Return exactly the span of lines in the following data that opens with the line containing "a poster with" and closes with the line containing "Martha, freundlliche Familienhündin". Include nothing else.

- Extracted entries -
= Beginning of Section =
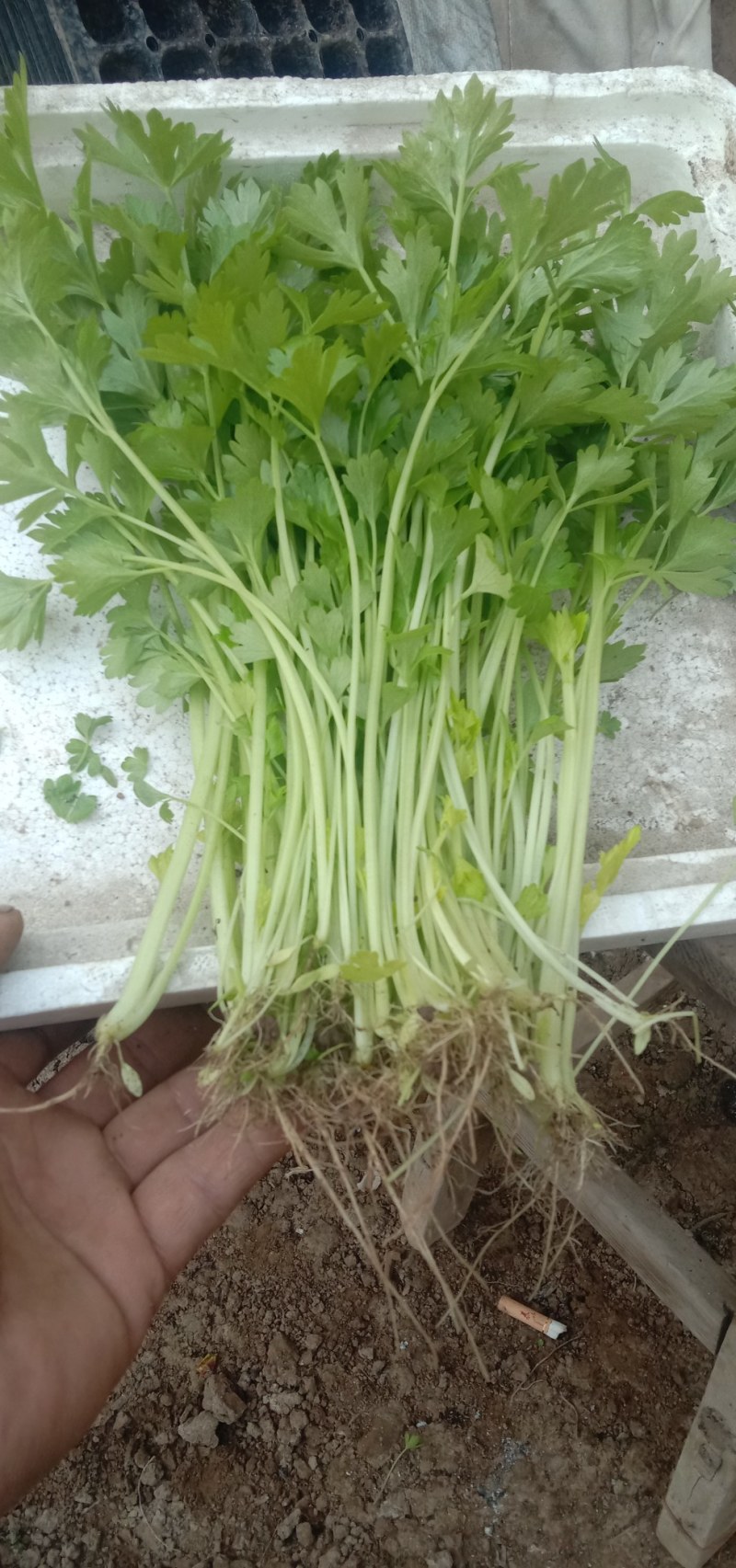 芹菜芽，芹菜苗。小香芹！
= End of Section =
= Beginning of Section =
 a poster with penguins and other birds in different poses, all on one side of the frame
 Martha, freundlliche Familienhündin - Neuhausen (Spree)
= End of Section =
- Answer to the exercise -
 a poster with penguins and other birds in different poses, all on one side of the frame
 Martha, freundlliche Familienhündin - Neuhausen (Spree)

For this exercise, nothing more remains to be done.